Plan Tatshenshini-Alsek Park with Haines Highway hikes, world-class river trips, bear-resistant food storage, UNESCO context, snowmobile zones, and rugged weather.
Tatshenshini-Alsek Park protects glacier-cloaked peaks, wild rivers, grizzly bear habitat, and part of the world’s largest internationally protected area. BC Parks notes that it borders Kluane, Glacier Bay, and Wrangell-St. Elias parks and belongs to a UNESCO World Heritage Site.
The Haines Highway parallels the park, and all hiking trails are accessed from that highway.
Why Visit Tatshenshini-Alsek Park
This is one of northern British Columbia’s great wilderness parks. Visitors come for world-renowned Tatshenshini and Alsek river trips, alpine hiking, wildlife viewing, winter recreation, and views toward Mount Fairweather, British Columbia’s highest peak at 4,633 metres.

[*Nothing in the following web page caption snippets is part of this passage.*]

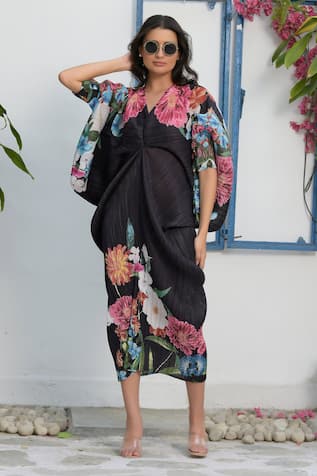 Tasuvure Kimono Kitsch Botanical Blossom Print Dress 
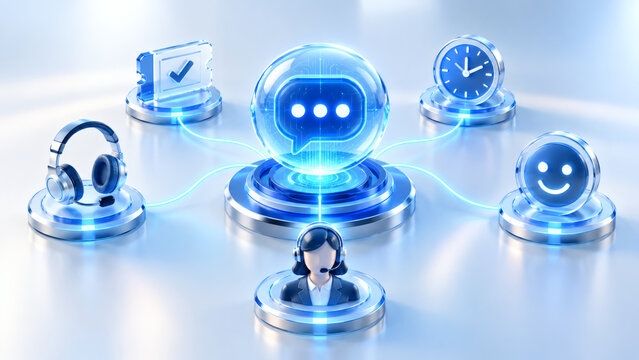 Futuristic customer service and online support concept with female operator headset speech bubble ticket clock and happy feedback icons representing call center assistance   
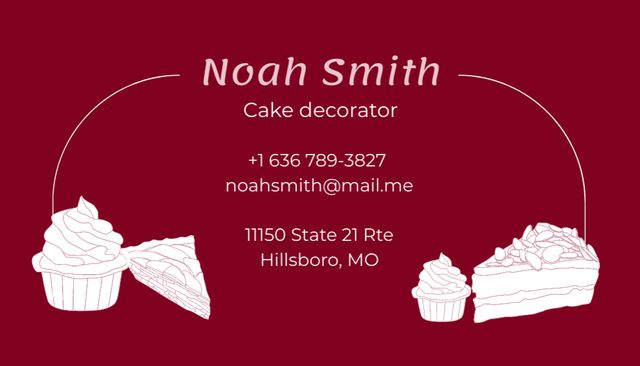 Ontwerpsjabloon van Business Card US van Cake Decorator Services Offer with Sweet Cupcakes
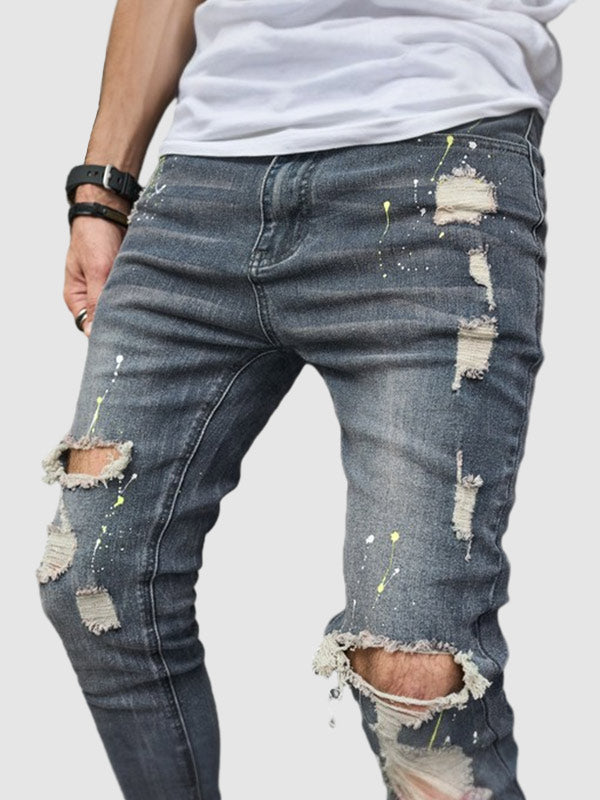 Men's Slim Fit Distressed Distressed Zip Access Jeans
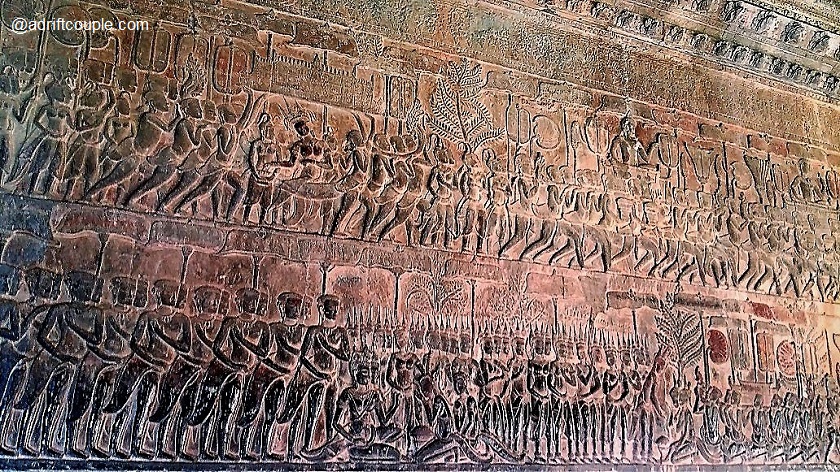 Judgement of Mankind Bas Relief in Angkor Wat, Siem Reap, Cambodia.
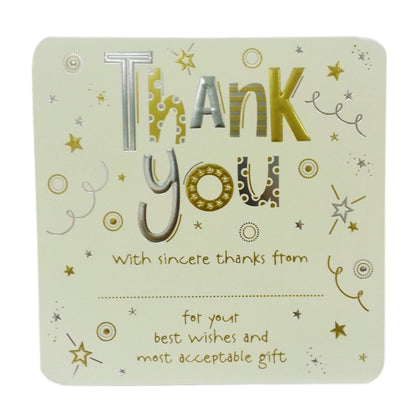Pack of 10 Luxury Thank You Card Sheets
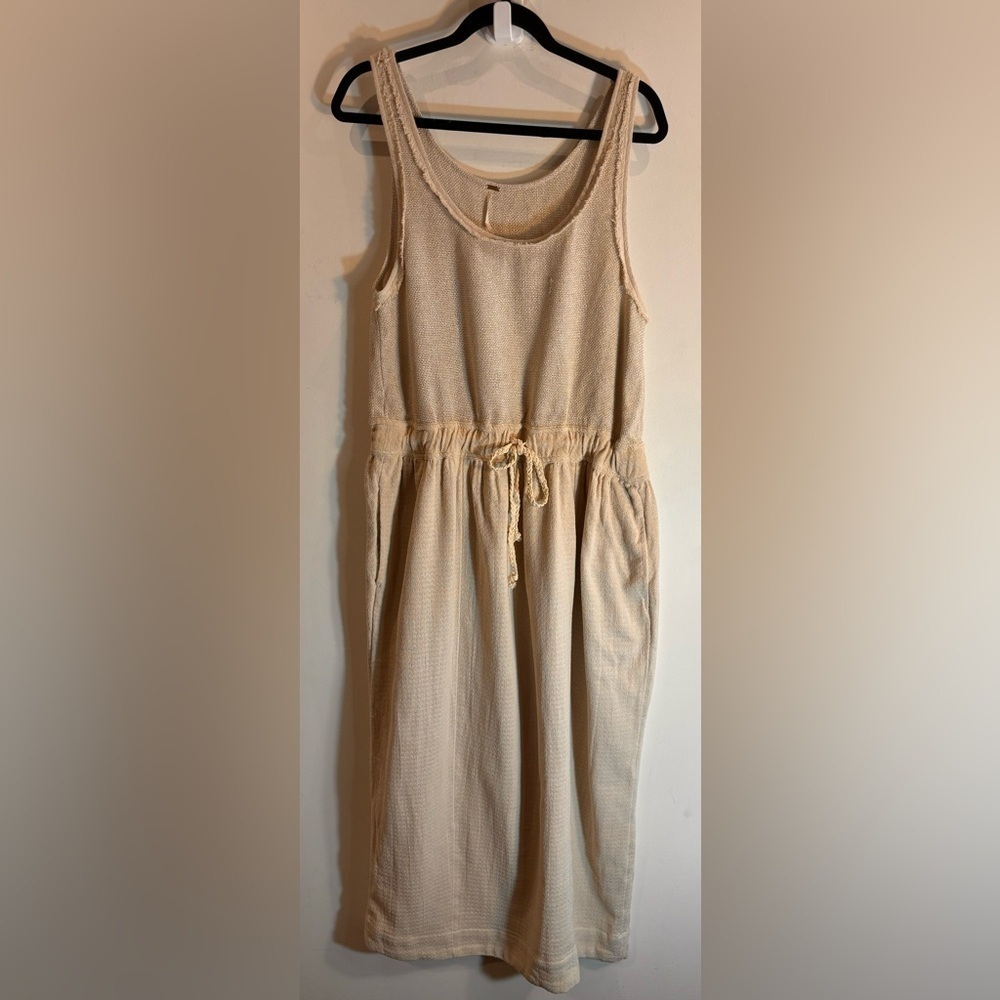 FREE PEOPLE Sz M Midi Dress Raw Edges Scoop Neck Drawstring Cotton Unlined NEW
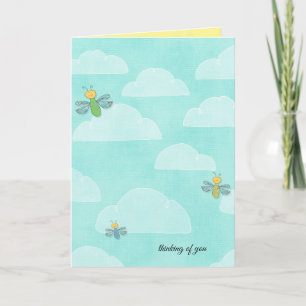 bumblebees in summer sky card
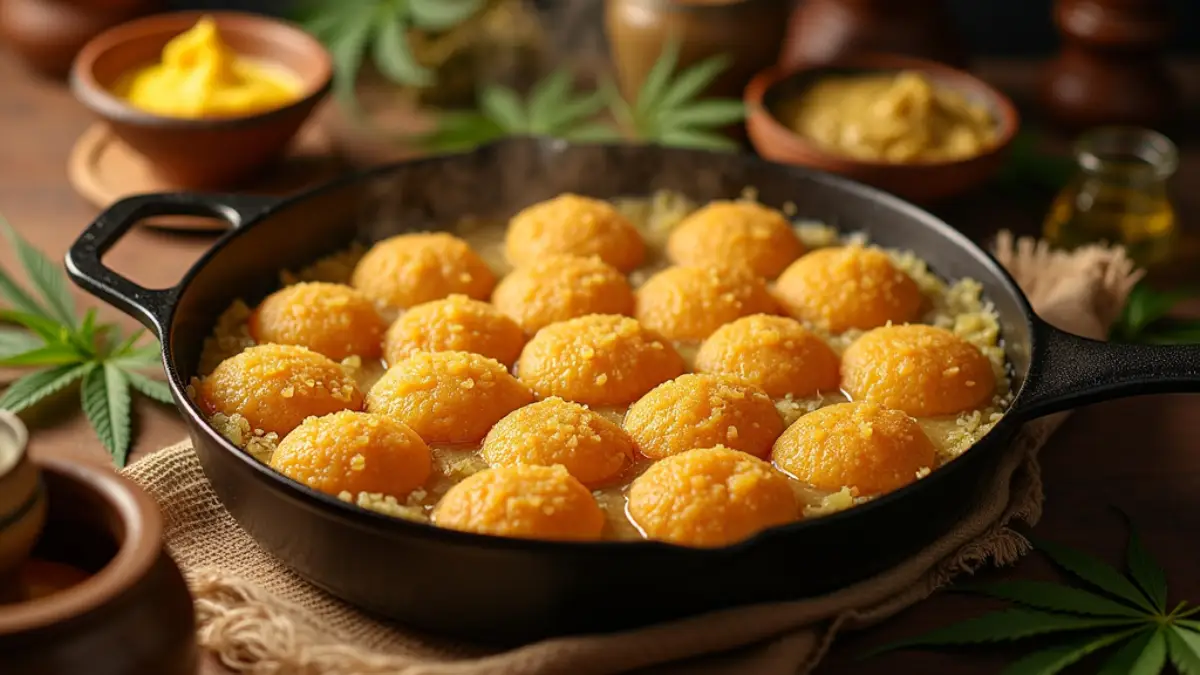 Fresh cannabis-infused edibles cooking in a skillet with leaves in the background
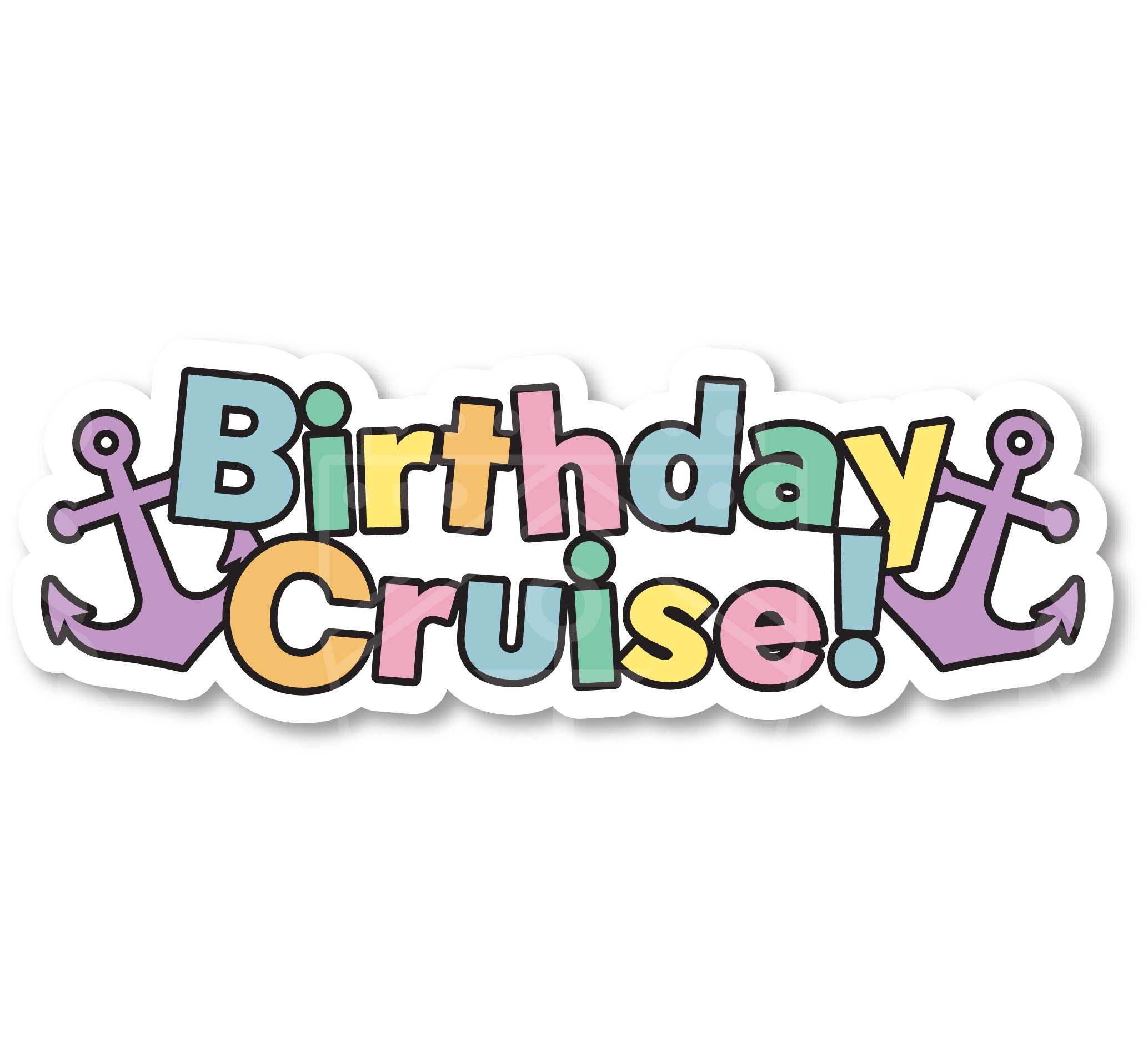 Birthday Cruise Text Stateroom Cruise Door Magnet | Colorful Happy Birthday Magnet (Bright or Pastel Versions) - Size: 9.9" x 3.46"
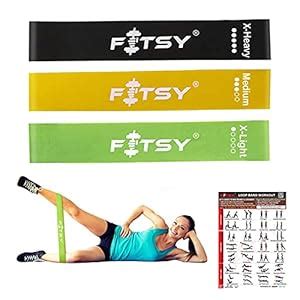 Fitsy Exercise Resistance Loop Bands, 12Inch, Set of 3 Premium ...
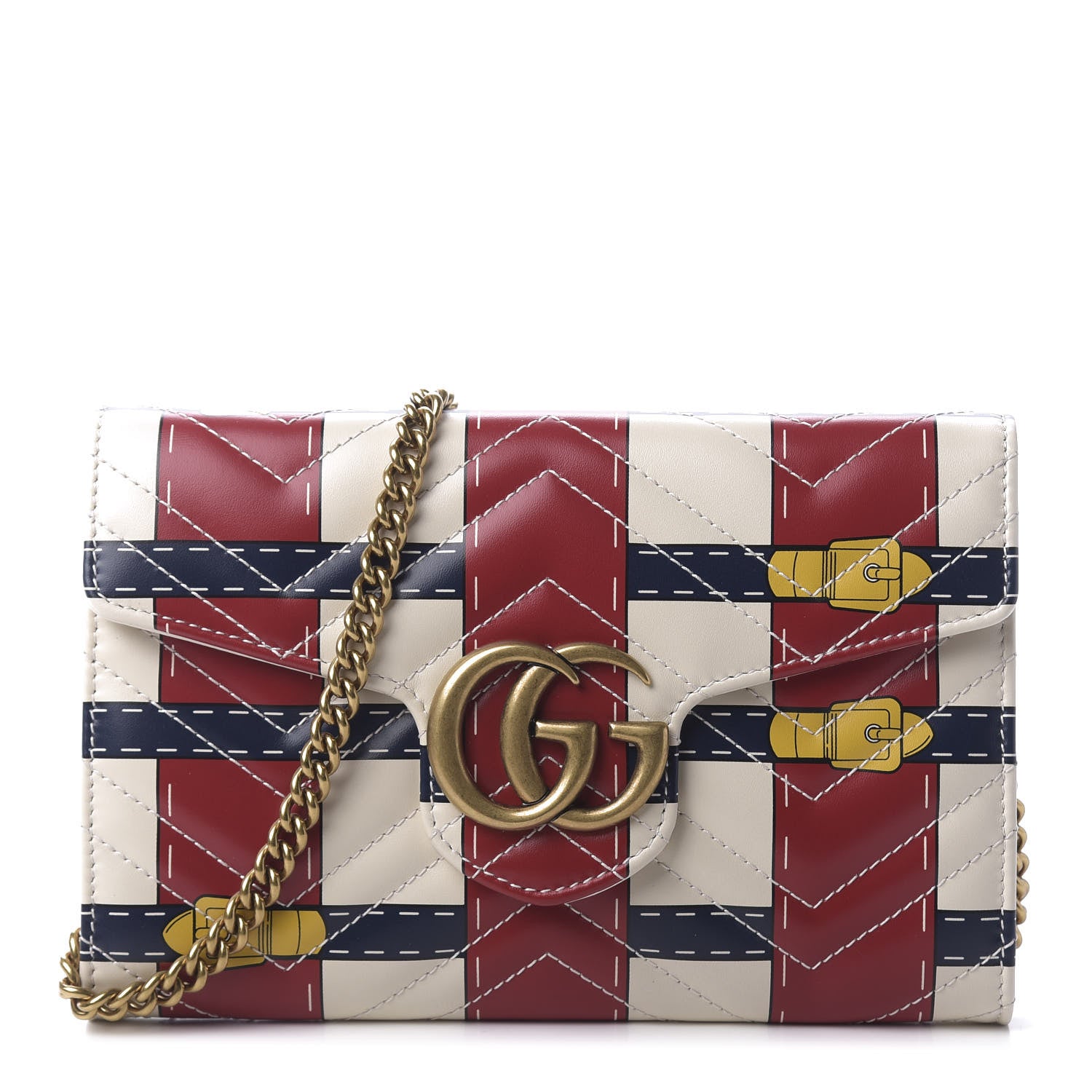 Gucci Calfskin Matelasse Trompe L'Oeil Print Mini GG Marmont Chain Wallet White 1 of 10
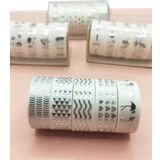 Gümüş Yaldızlı Vintage Washi Tape Bant Yapışkanlı Maskeleme Kağıdı 5 Lı - Flamingo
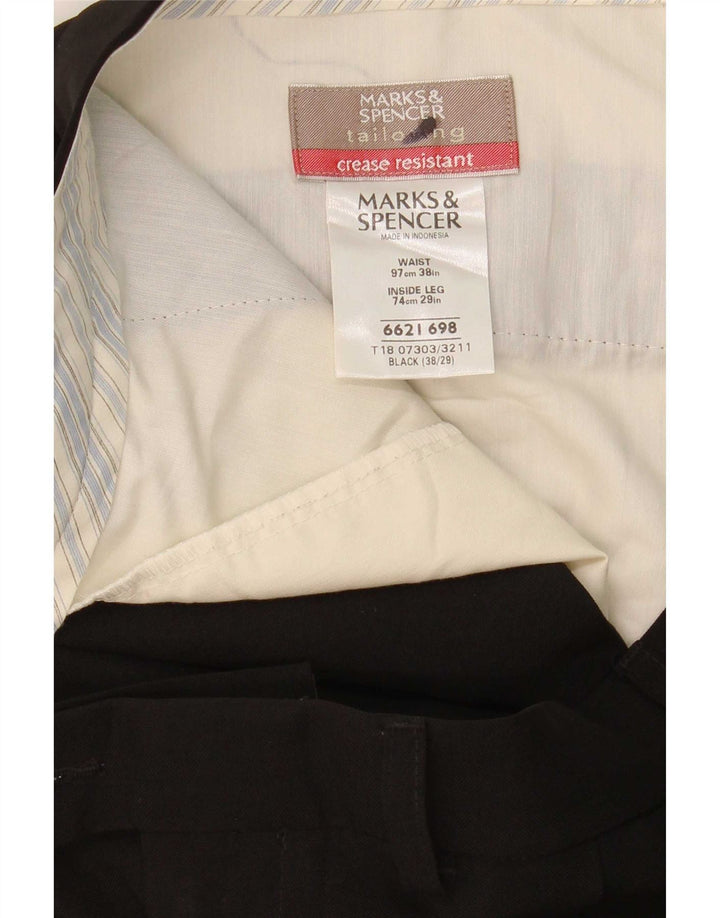 Marks & Spencer Ανδρικό παντελόνι με καρφίτσα W38 L29 Μαύρο πολυεστέρα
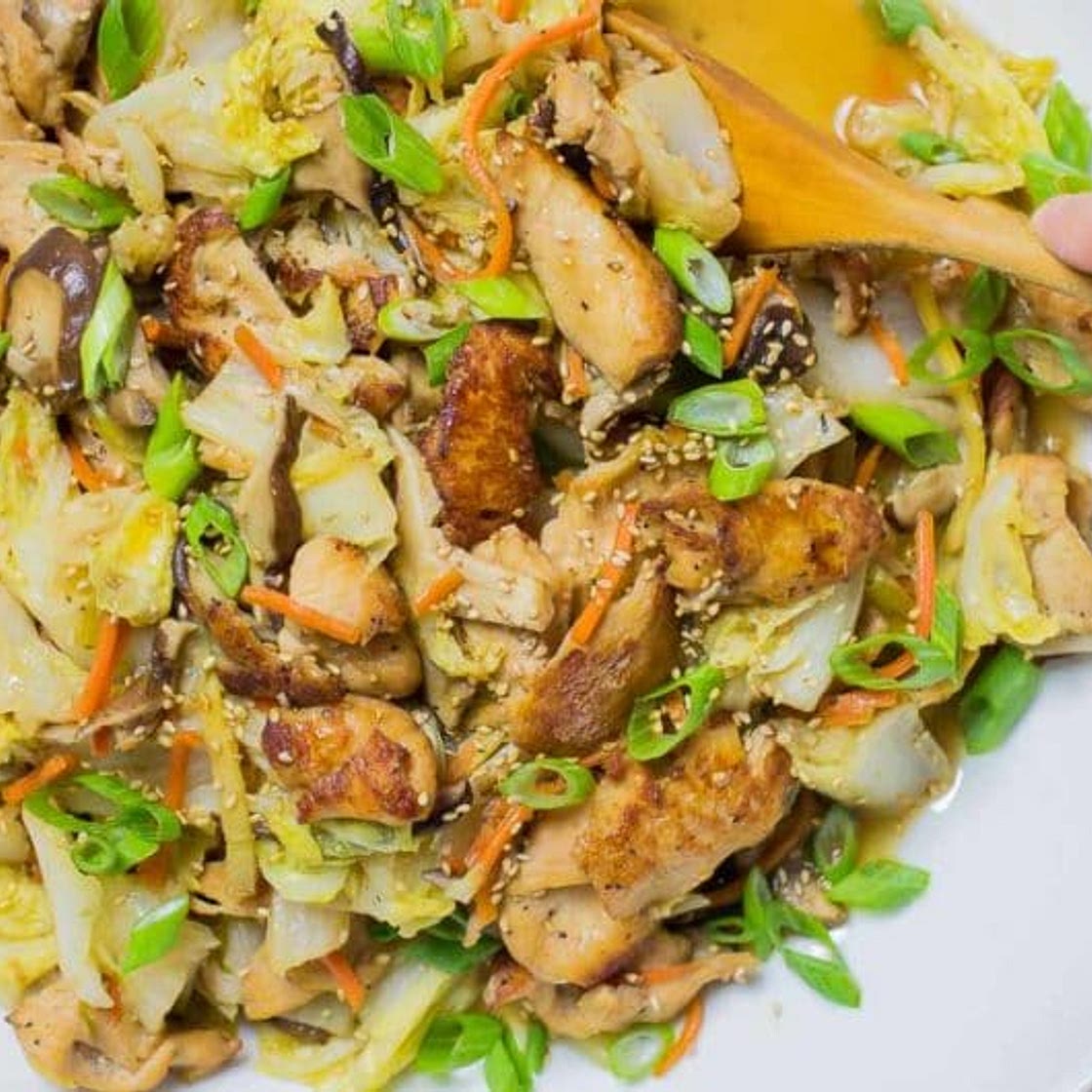 Paleo Chicken Stir-Fry with Cabbage and Shiitake
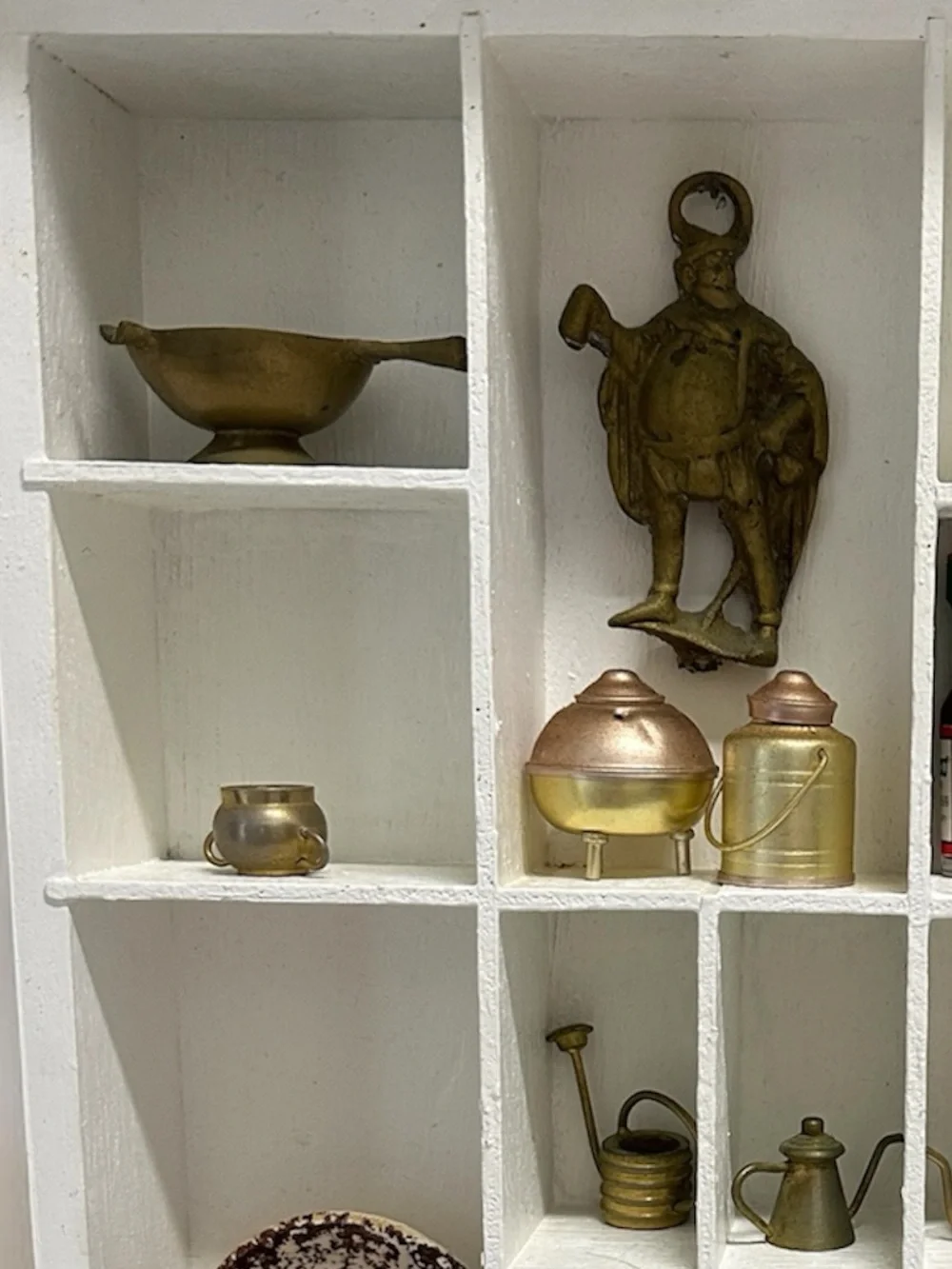 Vintage Curio Shelf Curated Miniature Trinket 32 Pcs Brass/ Ceramic Shadow Box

Chuck Creek Trail is the park’s only maintained hiking trail, a 12-kilometre one-way route from the Haines Highway. Other routes follow old mining roads and require navigation. The park also offers fishing, authorized horseback riding, hunting, and limited snowmobiling in a designated zone.
Things To Do
Hike Chuck Creek Trail or old road routes, raft or kayak only with proper remote-river preparation, fish with the correct licence, view wildlife from a distance, request permission for horses, hunt under current rules, and use the designated snowmobile zone only where allowed.
Planning Notes
Weather is highly variable; snow can fall any day of the year, high winds are common, and fog can make route-finding difficult. There are no roads through the park, and off-road motor vehicles are prohibited except specific snowmobile-zone and Indigenous harvesting exceptions. Overnight users must bring certified bear-resistant food storage except at Chuck Creek caches. Turnback Canyon on the Alsek is extremely hazardous and not recommended.